** Opening Extracted information block **
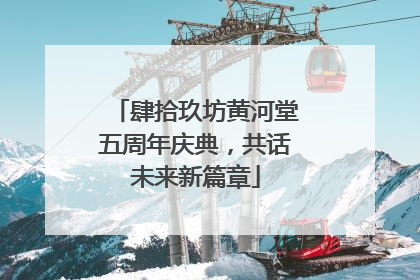 肆拾玖坊黄河堂五周年庆典，共话未来新篇章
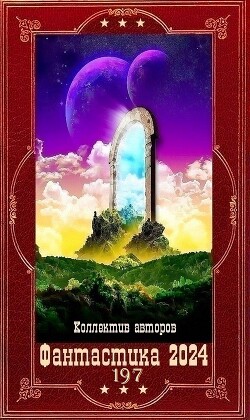 "Фантастика 2024-197". Компиляция. Книги 1-36 (СИ)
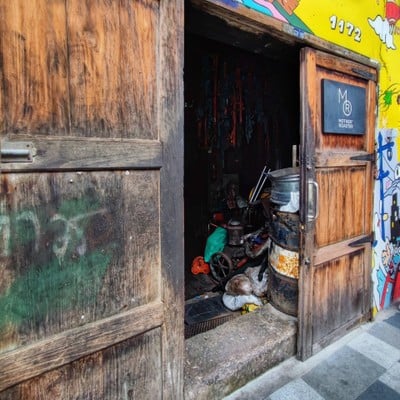 หน้าร้าน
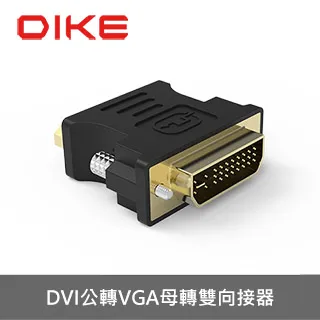 DIKE DAO410BK 180度HDMI母對母轉接器 歷史價格詳細信息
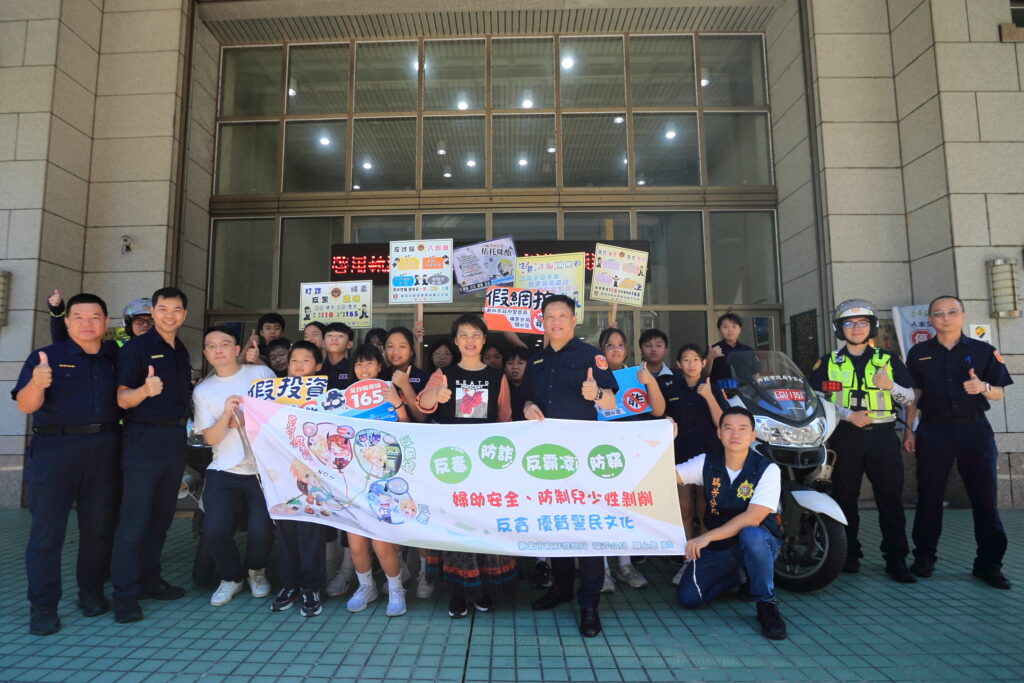 19 名  小小警察  以畫筆獻禮警察節  瑞芳分局喜迎瑞濱國小師生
** Closing Extracted information block **
*Instructions for the task*: Except for pictures, copy the records above exactly.

*Response to this exercise*:
 肆拾玖坊黄河堂五周年庆典，共话未来新篇章
 "Фантастика 2024-197". Компиляция. Книги 1-36 (СИ)
 หน้าร้าน
 DIKE DAO410BK 180度HDMI母對母轉接器 歷史價格詳細信息
 19 名  小小警察  以畫筆獻禮警察節  瑞芳分局喜迎瑞濱國小師生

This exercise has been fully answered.